We returned on Tuesday of last week from our 3 week trip to Mozambique, fresh with great memories and at the same time heartbreaking experiences. On Thursday and Friday we attended the Leadership Summit at our church, an annual leadership training event that always encourages us and challenges our thinking. I was definitely curious this year to see how the moments of disequilibrium would pan out with the two events so close to each other.

One of the speakers, Christine Cain, spoke of her great work rescuing girls trapped in the sex trafficking / slave trade. At the beginning I just wanted to walk out. My emotions were about at their breaking point. I think I had come to a point where I saw so much pain, poverty, sickness, and hunger in Mozambique that I didn't want to hear about more injustice and insurmountable pain around the world. It just seemed too overwhelming and hopeless. But I kept listening.

She said something profound that has freed my mind and heart to process all of this. She was talking about her own process when she first got started in her work, and she identified with the same thoughts I was thinking.
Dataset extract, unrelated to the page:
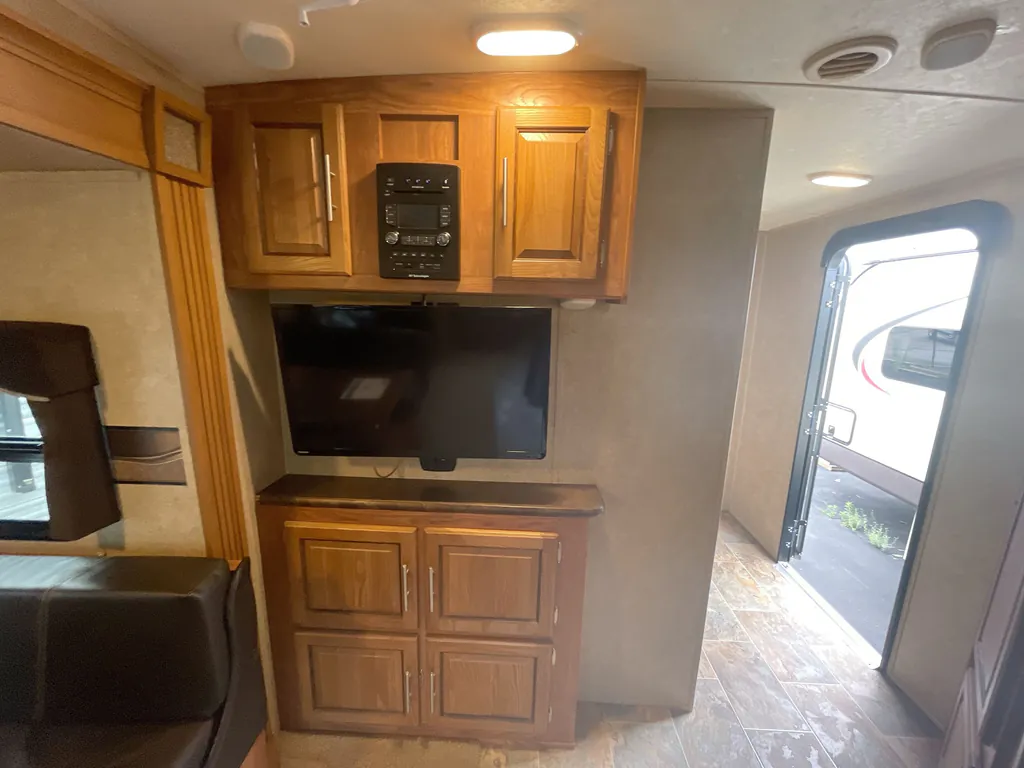 2016 Forest River Rockwood Ultra Lite 2904WS, Photos photo 14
She threw out the number 27 million... 27 million girls involved against their will in the sex trade, most of whom don't make it out alive. All for money and to please a bunch of horny men. She admitted that the number just seemed too great...what can I, one person possibly do to help 27 million?!?!? And that's exactly the question I've been asking too.

And then she challenged us to not look at the big number "27 million" anymore. Let it motivate you to get involved. But once you sign on to get your hands dirty, set the number aside. Because the reality is that there are 27 million "1's" within that number. Individuals. Each with a unique name and face and personality. She shared how when we look at the big number we depersonalize the need and remove ourselves from a place of hope. But when we look at the "1's" it gives us hope that we really can make a difference.
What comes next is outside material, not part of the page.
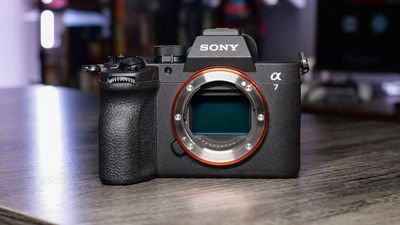 Sony just dropped the A7 V with a stacked sensor — this could be a Canon R6 killer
I don't know about you but that changes the game entirely! I immediately thought of all the "1's" in the project in Mozambique who are being fed, clothed, educated, and discipled. And it's given me a framework in which to process through. Over tne next few weeks I hope to record some thoughts about some of the "1's" we met in Mozambique. Lives are truly being saved and individuals are really being delivered from the generational clutches of poverty. But you can't look at the big numbers to see it.

8.05.2010

messed up

it's hard to believe that just 2 days ago we got back into rochester after spending 3 weeks in mozambique. in about an hour the leadership summit will begin here at the church. and tomorrow night as soon as it's done we'll be taking off for a week of vacation in VA. i'm feeling all kinds of emotions this morning and i feel really messed up...
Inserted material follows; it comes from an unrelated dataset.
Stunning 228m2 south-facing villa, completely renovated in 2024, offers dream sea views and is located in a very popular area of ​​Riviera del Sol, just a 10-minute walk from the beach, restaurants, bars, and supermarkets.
i feel incredibly blessed and grateful for the opportunity to not only have so much ministry training (like the leadership summit) available to me all the time, but even more so to be on staff at a church that hosts this high caliber event (and to have a boss that would MAKE me attend if i didn't want to). this event is actually called the "global" leadership summit because the feed is being sent to sites all over the world... but my heart still breaks for the many places like mutondo, mozambique - where leadership training like this may never touch. maybe it doesn't need to ??? i'll never forget meeting with the men and church leaders at the church plant there in mutondo: their questions, their eagerness to learn, and their resolve to lead their village to Christ.

every now and then i'll be driving down the road or doing something normal and my eyes will tear up as i think about fernando, captain, afonzo, ercilio, augustino, ohmi, zito, manuel... and so many others. i miss our friends in mozambique so bad right now... and words can't describe the bond that's been forged. will i see them again? i hope that our trip validated their existence and encouraged them to continue on in their great work and to not give up.

on vacation i hope to be able to blog a lot more about what we saw and experienced in mozambique, as well as some of my takeaways from the leadership summit. hopefully that will help in the process of sorting all these emotions out in my head. it's hard right now.